Charlotte sweet for sun and wind
And it is just such new sources of energy that form the foundation North Carolina’s transformation. The south-east state is that rare thing on the eastern sea-board– a real sweet spot for both solar and wind power. The solar resource won’t be a surprise, to those familiar with Charlotte’s long hot summers; but the wind potential is something else.
The broad shallows fringing the Atlantic coast, to the east, are ideal for offshore wind development – with enough wind to power the whole state. Even better, the wind is strongest in the summer and afternoons, making it the perfect renewable to tap, to keep the state cool in those sweltering months. Plans were revealed at the recent Southeastern Coastal Wind Conference – held in Charlotte – to open three coastal areas to bids from offshore wind developers.
“We are talking about something really gigantic, right next door, that’s not been tapped into at all,” Ned Farquhar, from the state’s Interior Department, told the Charlotte Observerrecently. To match that gigantic potential, one the titans of Charlotte’s energy scene – Duke Energy – plans to get its wind turbines wet. It is taking part in a study of what effect offshore wind power will have on the state. Duke Energy are a recurring partner for Charlotte’s burgeoning sustainability efforts, being involved in Envision Charlotte, and several other initiatives, recently.
‘Research Triangle Region’ spearheading sustainability
Away from the windy Carolina coastline, the intellectual powerhouse of Charlotte’s drive to 21stcentury sustainability lies in smart-energy tech companies of the ‘Research Triangle Region’. Charlotte already has a deep expertise locally in the energy sector – with 240-plus energy-slanted firms calling Charlotte home. Traditionally these firms have focused on big engineering – nuclear, coal and grid infrastructure.
But the Research Triangle Region, spearheaded by the University of North Carolina at Charlotte (UNCC), has different energy ace up is sleeve – the ‘smart grid’. This new way of distributing electricity, with intelligence built-in to the grid, is going to be vital the sustainable transition. The count of ‘smart grid’ companies in the Triangle has surpassed 60, according to a report from Duke University, and is already employing at least 3,000 people.
Death of dumb power
The need to add some ‘sass’ to the electrical grid is being driven by two factors. On the one hand, sustainable power means a a heavy reliance on renewables – but also an increased variability in power. On the other, the division between energy producer and consumer is blurring – households can now produce excess power from their solar panels, for example. The electrification of personal transport – with the rise of the EV – is also expected to rework electricity demand.
These all add to the urgency for the binning of the current centralized, one-way distribution of power. That’s where the Future Renewable Electric Energy Delivery and Management (FREEDM) System Center comes in. A $18 million project from North Carolina State University, it is hoping to make the smart grid real, using a combination of fast EV charging infrastructure, new storage technology, and digital grid management systems.
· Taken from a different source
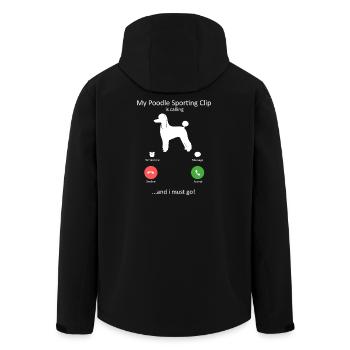 Pudel eingehender Anruf lustige Telefonschnitt-Schnittstelle Kunst - Recycelte Männer Softshell-Jacke von Stanley/Stella - Schwarz - Hinten - AI Model Male 185 light (185cm)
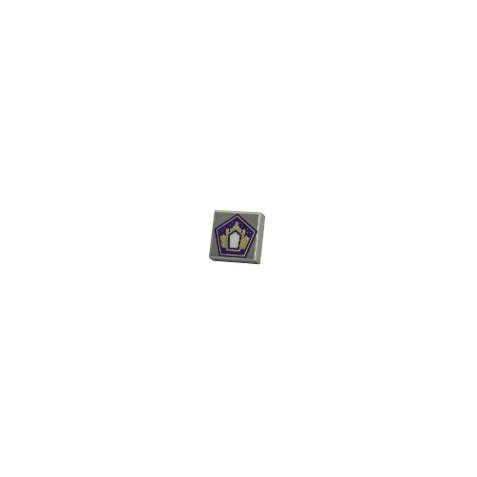 Tile 1 x 1 with Dark Purple and Gold Pentagon with Building with Doorway on Light Bluish Gray Background Pattern (HP Cho...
EVs shaping the evolving ‘smart grid’
The need for ramping-up the EV charging infrastructure has been recognized, too, by Power2Charlotte, a program set-up by the City of Charlotte to promote spending under the DoE’s  Energy Efficiency and Conservation Block Grant Fund. $275,000 has already gone towards an EV  pilot, setting up 28 charging stations around the city, and kitting the City’s fleet with another 8 EVs.
In fact EVs lie at the heart of efforts to make dispersed urban centers, such as Charlotte, sustainable. Firstly, they remove the load of local pollutants from the tailpipe, cutting problems, such as particulate pollution and ozone smogs, in one fell swoop. Secondly they provide a spur to the greening of the back-end power generation. Those choosing EVs will want to see their electricity supply with as low a carbon-footprint as possible – which can be fed by developing solar and wind resources.
Electric cars can also become an integral part of the smart grid, where plugged-in EVs may act as energy storage buffers, to the benefit of utility companies and EV owners alike. All told, Charlotte may be one of those cities where the pieces of the sustainability puzzle are finally coming together. And if Charlotte can make the transition, the rest of urban America can’t be far behind.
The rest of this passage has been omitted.